On May 6, 2016, the U.S. Department of the Treasury denied an application submitted by the Central States, Southeast and Southwest Areas Pension Plan (Central States) that would have reduced benefits to about 270,000 of the nearly 400,000 participants in the plan. The total amount of benefit reductions would have been about $11.0 billion (see page 13.2.1 of Checklist 13: Equitably Distributed). The application was submitted under the authority of The Multiemployer Pension Reform Act of 2014 (MPRA enacted as Division O in the Consolidated and Further Continuing Appropriations Act, 2015 (P.L. 113-235)).

Background on Central States and Pension Benefit Guaranty Corporation

Central States has estimated that it would likely become insolvent by 2026 and then would no longer be able to pay participants' benefits. When a multiemployer plan becomes insolvent, the Pension Benefit Guaranty Corporation (PBGC) provides financial assistance so that participants can continue to receive benefits (up to a statutory maximum benefit, which is currently $12,870 for a participant with 30 years of service in a plan). PBGC was established by the Employee Retirement Income Security Act (ERISA; P.L. 93-406) to insure participants in private-sector DB pension plans and operates separate insurance programs for single-employer and multiemployer plans.
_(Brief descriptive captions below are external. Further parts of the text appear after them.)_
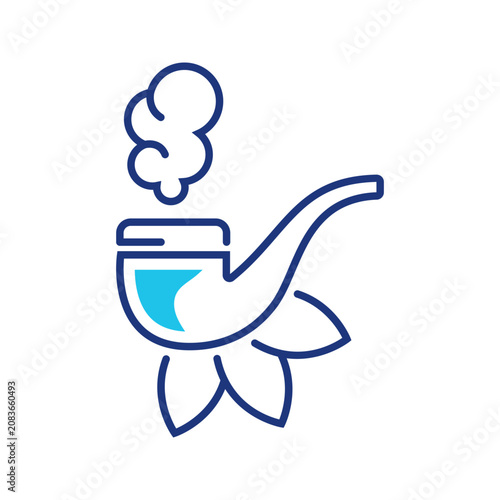 Tableau sur toile Tobacco pipe icon. Lifestyle and tobacco line symbol. Color.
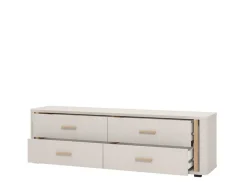 Mobile Porta tv Beige Marrone 4 Cassetti un Ripiano 176.5x40x52h cm, Apertura Scorrevole - Terenzo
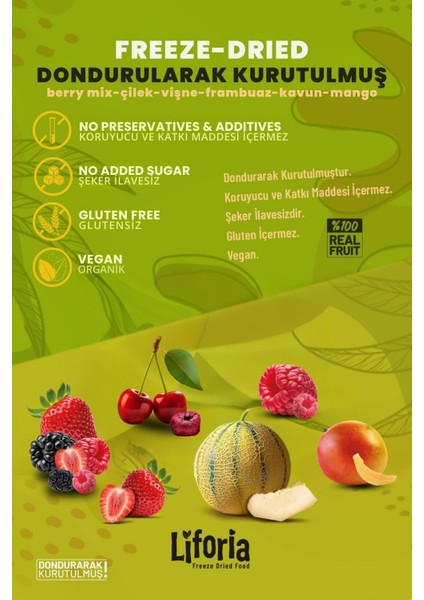 6’lı Dondurulmuş Meyve - Sağlıklı Atıştırmalık - Vişne Kavun Mango Çilek Berry Mix Frambuaz fiyatları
The benefit obligations to Central States would likely lead to PBGC's insolvency. On September 30, 2015, PBGC's Annual Report stated that it had about $1.9 billion in assets. It had income of $280 million from premium revenue and investment income in FY2015. It paid $103 million in financial assistance to about 54,000 participants in 57 plans in FY2015. In 2014 (the most recent year for which data are available), Central States paid $2.8 billion in benefits to participants. In the event of PBGC's insolvency, financial assistance from Treasury is not assured.

Background on the Multiemployer Pension Reform Act of 2014

MPRA allows financially troubled multiemployer defined benefit (DB) pension plans that meet specified conditions to apply to the U.S. Treasury to reduce benefits to plan participants if the benefit reductions would restore the plan to solvency. Prior to the passage of MPRA, under the anti-cutback provision in ERISA, pension plans generally did not have the authority to reduce participants' benefits. Now, plans that seek to reduce benefits must submit an application to Treasury, which must approve the application if the proposed benefit reductions meet criteria specified in MPRA (such as being equitably distributed and enabling the plan to avoid insolvency).
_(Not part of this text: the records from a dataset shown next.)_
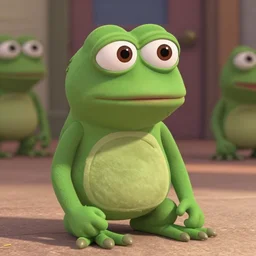 still of sad Pepe the frog in the Pixar Movie from 2017, Pepe The frog reeeeeeeeeeeeee directed by John Lasseter cinematic shot parody movie bloopers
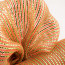 21" Poly Deco Mesh: Deluxe Wide Foil Lime/Orange Stripe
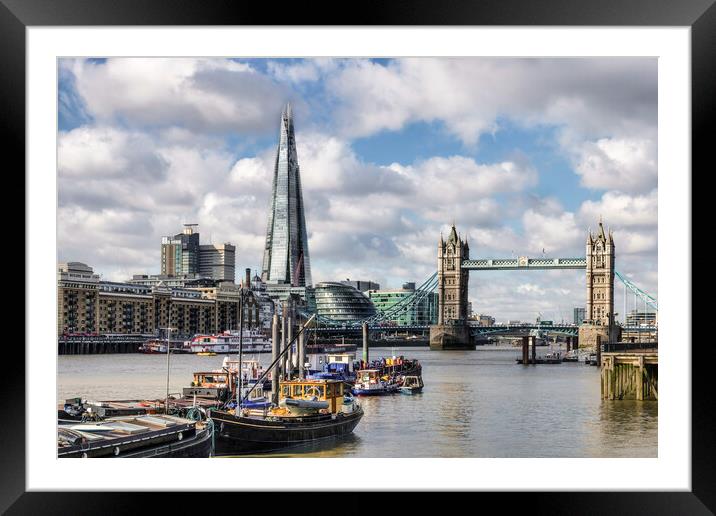 River Thames skyline Framed Mounted Print by tim miller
Under MPRA, disabled individuals and retirees aged 80 or older may not have their benefits reduced. The benefits of individuals aged 75 to 80 may be reduced, but to a lesser extent than those younger than 75. In addition, benefits may not be reduced to below 110% of PBGC's guaranteed level.

Stated Reasons for Treasury's Denial

Treasury indicated that the application failed to meet three of the requirements in MPRA:

  • Assumptions used by Central States (see for example, page 5.1.13 of Checklist 5: Critical and Declining Status Certification) regarding (1) the rate of return on investments and (2) the age at which new participants enter the plan are not reasonable. Central States assumed a 7.5% rate of return, which Treasury said was inappropriate as this was higher than investment professionals' forecasts of future investment returns. Additionally, Central States assumed that new participants would be 32 years old when they entered the plan. According to Treasury, this led to materially different cash flow forecasts than if more realistic demographic assumptions had been made;
  • The proposed benefit suspensions are not distributed equitably. Central States proposed to reduce benefits differently to former United Parcel Service (UPS) employees depending on whether they were part of a make-whole agreement that UPS had with some of its employees; and
  • The notices of proposed benefit suspensions were not written so as to be understood by the average plan participant. The notices extensively used technical language and the definitions of critical terms were defined in documents that were not understandable to the average plan participant.

Potential Next Steps

MPRA does not prohibit a plan from resubmitting an application. Central States has not indicated whether they will submit a new application for benefit reductions. A new application would have to address Treasury's reasons for the denial while meeting the other criteria for approval of benefit reductions under MPRA (e.g., any proposed reductions would have to restore the plan to solvency). All else being equal, a new application that addressed Treasury's concerns could require deeper benefit reductions than were proposed in the rejected application.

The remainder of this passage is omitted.